In a piece published in a Methodist journal in 1895, several months before he died, Haygood realistically assessed the progress of reforms he had urged years earlier in Our Brother in Black ([5], pp. 656–673). With respect to the sectional hostility he had hoped would resolve, he noted the Northern “fixed incapacity to be just when writing, speaking or thinking of Southern white people” (p. 658). A case in point was the reference to him, in a letter published by a Yankee tourist of Dixie, as having organized Ku Klux Klans. As for his efforts on behalf of the freedmen, Haygood had found the problem of race more complex than he had estimated. “I do not understand this Negro question,” he wrote. Perhaps he discerned the new phase of violent Southern race relations, dawning, according to historians, in the late 1890s ([1], pp. 117–151). However, still certain of his providential interpretation of the Civil War, with resigned fortitude, Haygood recommended trust in an unhurried God. “Great movements,” he wrote, “must have time” ([5], p. 665). “The humblest and feeblest worker for God and man . . . will not, cannot, fail of doing good” (p. 673).
On January 5, 1896, Haygood preached from the same pulpit in which he had delivered the “New South” sermon. Paralyzed on one side and leaning on his cane, he spoke of death, telling the congregation, “Bodies are put in boxes . . . [but] the real man, the invisible man, the indestructible man . . . the ever-living man . . . will take his place at once beyond this existence in God’s purpose” ([5], p. 67). Two weeks later, he was dead.
Mrs. Haygood received a letter of condolence from “the colored citizens of the town of Oxford,” who conveyed their “profound regret and sympathy . . . in common with all classes of our community, in the loss we have sustained in the death of your illustrious husband” ([5], p. 442–443). At the funeral, a bishop of the Colored Methodist Episcopal Church delivered a eulogy, and Negro mourners sang a song around the open grave. Haygood’s grave, according to an acquaintance, was located happily “on the very spot where [years before] stood the little church, erected by the ante-bellum Methodists for their slaves” (pp. 156–157).

3. Haygood as Spiritual Exemplar

Haygood exhibited many of the qualities Scarlett [11] attributes to the spiritual exemplar.
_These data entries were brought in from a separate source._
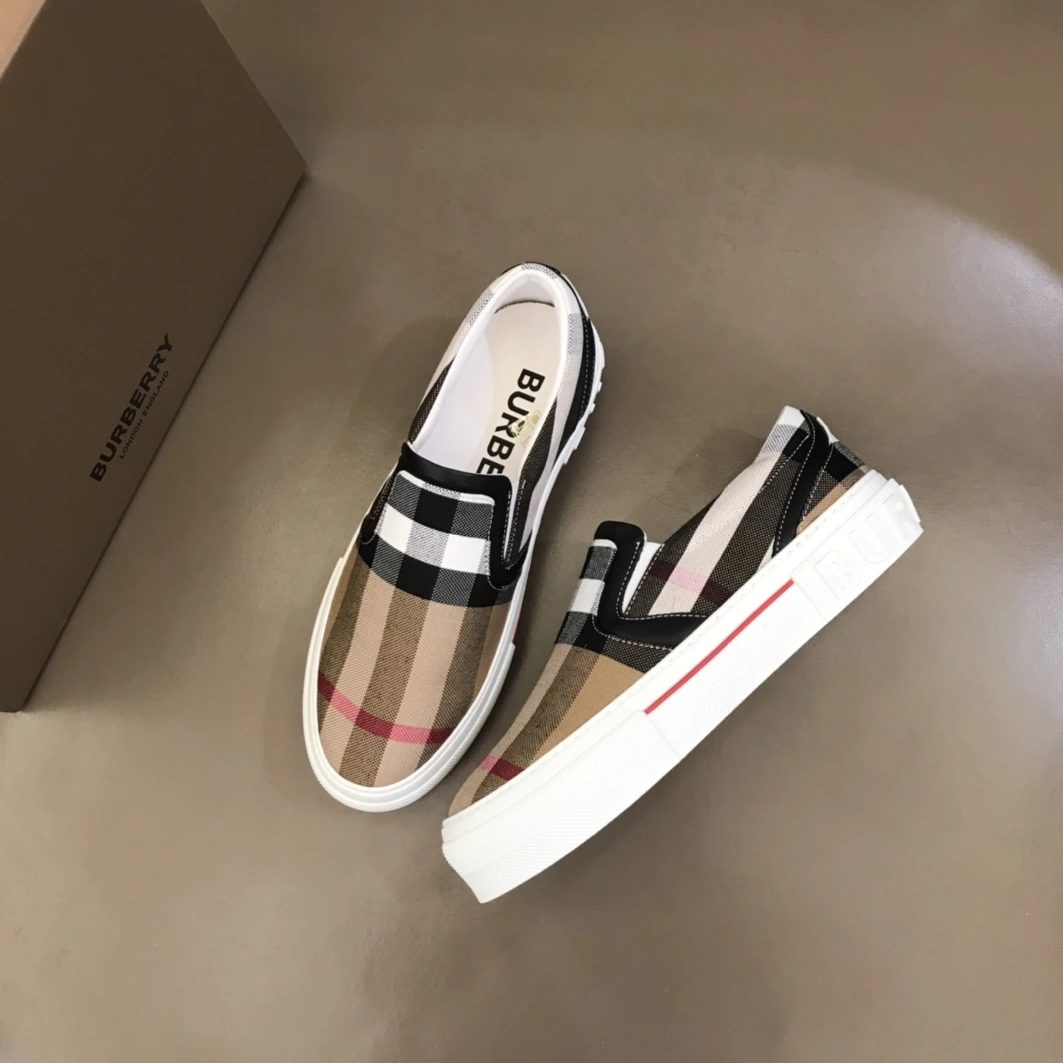 Burberry Casual Shoes For Men DailyWear 9900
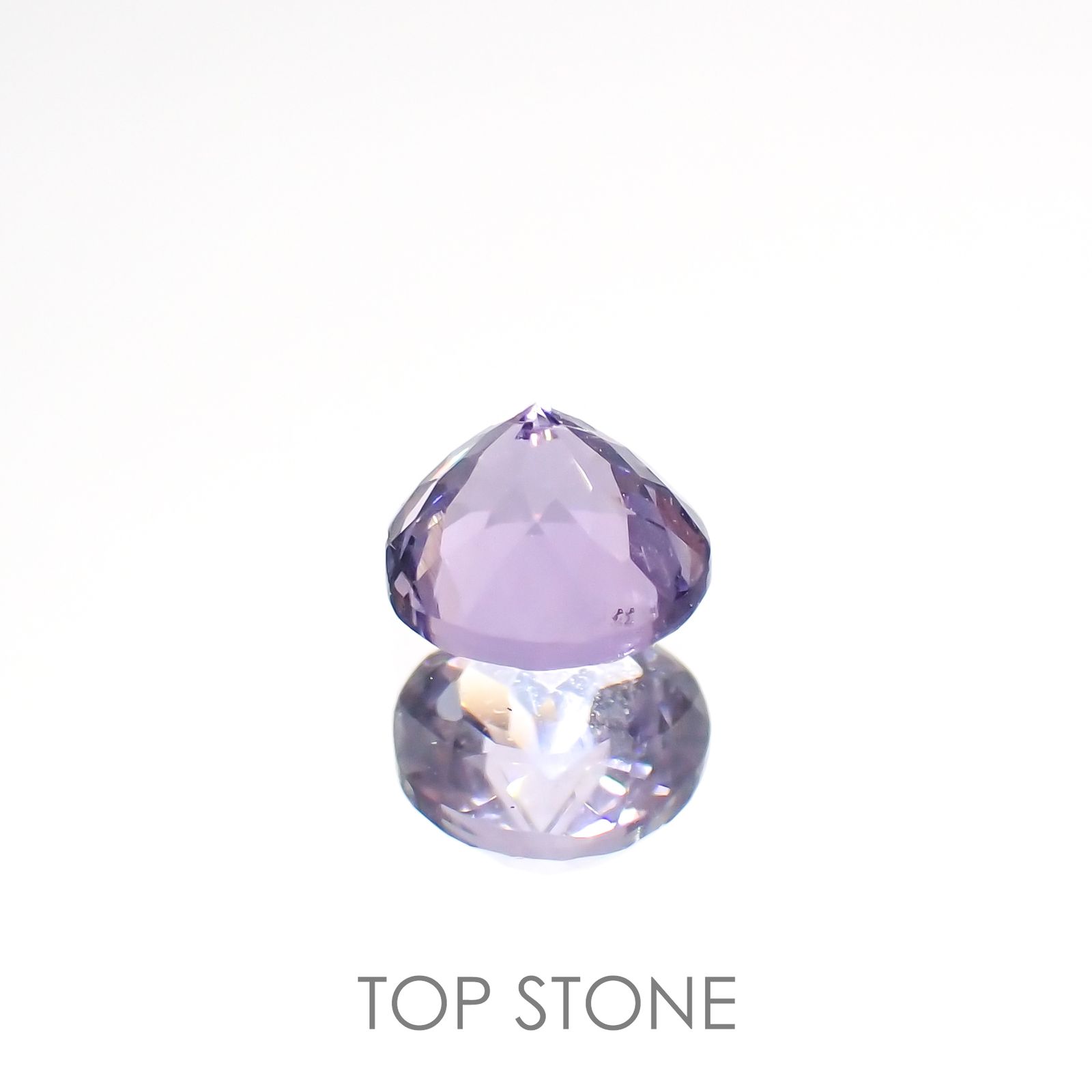 マリアライト(宝石名パープル・スキャポライト)スリランカ産 0.37ct 識別済[220114872]4.7x4.6mm前後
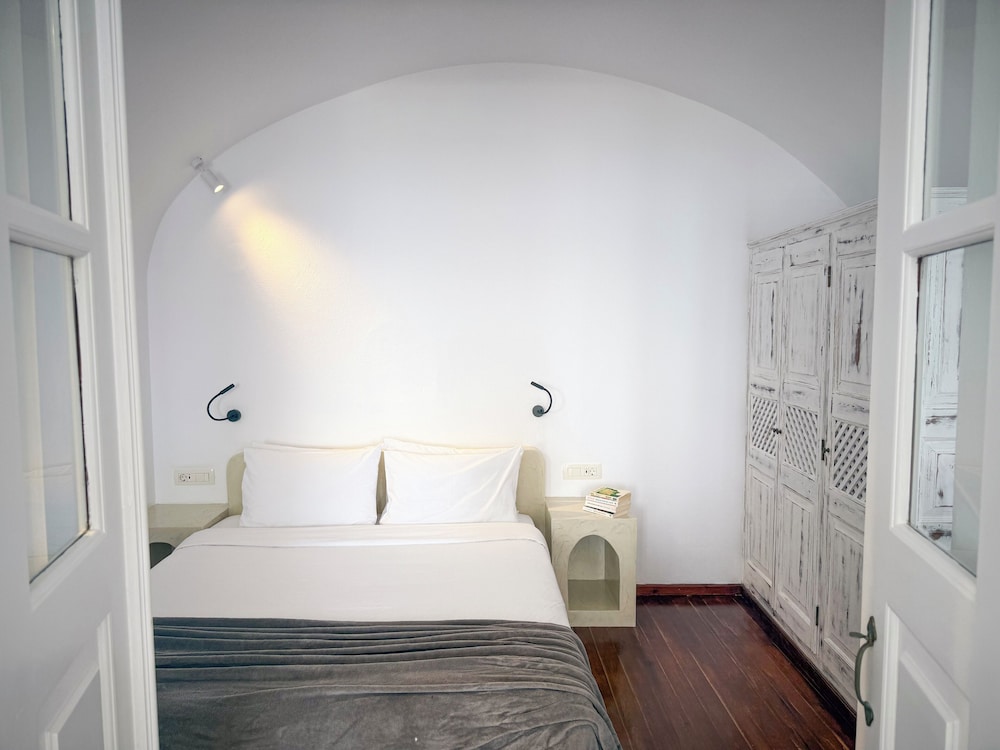 White Pearl Villas 15/50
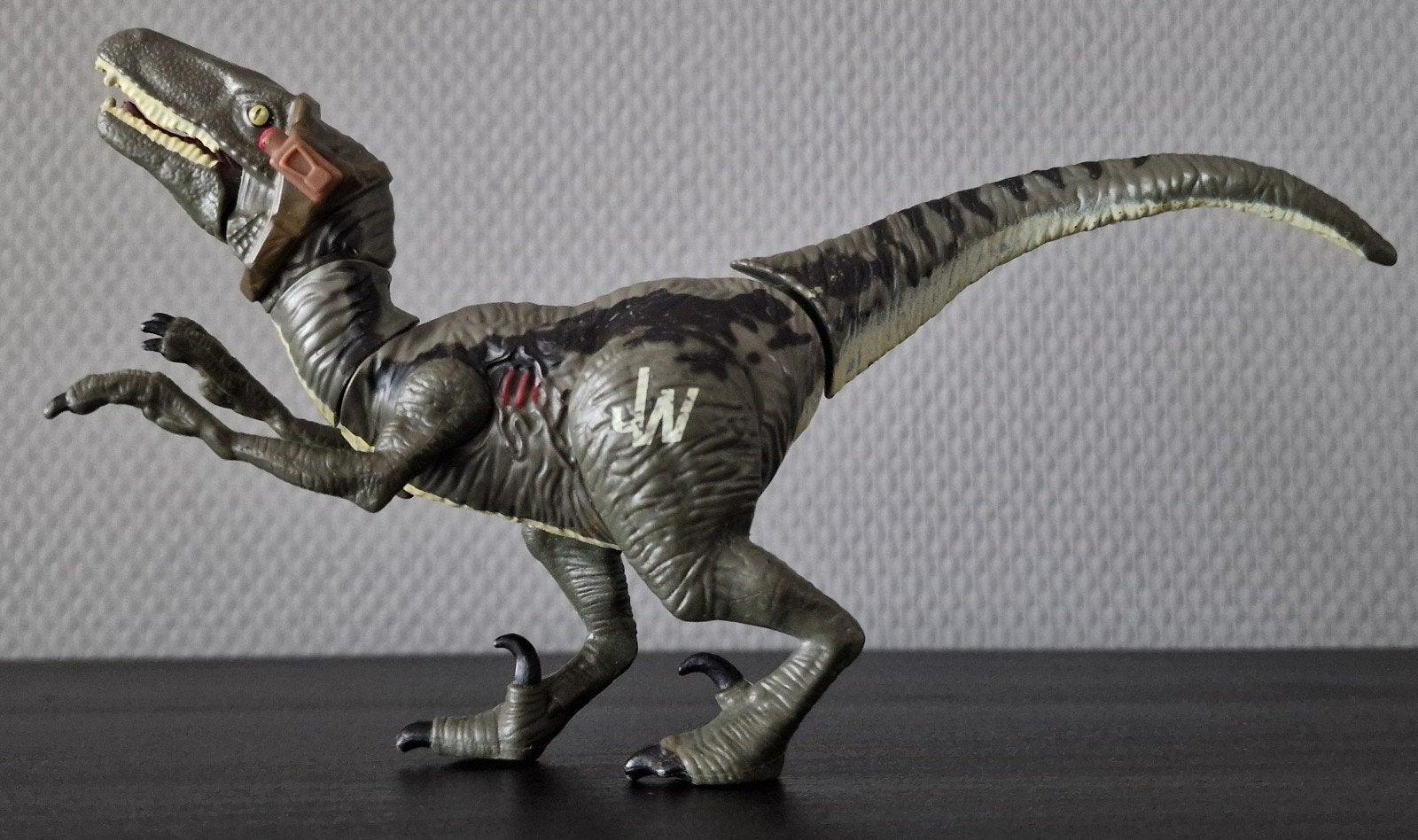 Jurassic World Bashers & Biters Dino Velociraptor, Ophalen, Gebruikt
He was the advocate of a “noble purpose,” and “deeply connected to life’s problems and tragedies” but not consumed by them. He lived in the wreckage of the post-war South, in the path of Sherman’s march to the sea, and under the martial law of conquerors. While he occasionally vented anger at arrogant and foolish Yankees, his response to Southern devastation was constructive. He sought to heal sectional wounds and elevate the former slaves.
According to Scarlett [11], spiritual exemplars “show a balance between ‘hard’ and ‘soft’ virtues,” exemplified, in Haygood’s case, by, respectively, courage, on the one hand, and compassion, on the other. After 1880, he boldly stepped outside the conventions of Southern society. He beseeched idolaters of the Lost Cause to reorient themselves towards a future of fraternity with Yankees and equality with ex-slaves. Although he paid the price in scathing criticisms, he never turned back. Regardless of its origins, the story of Haygood battling Satan in his study captures his courage.
However, in Dempsey’s (1940) collection of remembrances of Haygood by those who knew him, compassion figures more often than valor. For example, former Emory student Rev. C. M. Ledbetter recalled how, in his presence, President Haygood was approached by another student who had come to say that he would be leaving Emory because he no longer had the money for living expenses. Despite his meager salary, Haygood took a twenty dollar gold piece from his pocket and gave it to the boy, telling him to put the money towards his room and board and to come back when it had run out. “He was the most sympathetic man with those who needed I ever knew,” Ledbetter summarized ([5], pp. 255–256). According to another former Emory student, Rev. Luke Johnson, “He carried scores [of students] through on his own pocket” (p. xvi).
“Black and white came to him for help and counsel, and they were never turned away”, recalled Haygood’s sister-in-law ([5], p. 43). An acquaintance observed, “his heart was big enough to take in all whom Christ did” (p. 117).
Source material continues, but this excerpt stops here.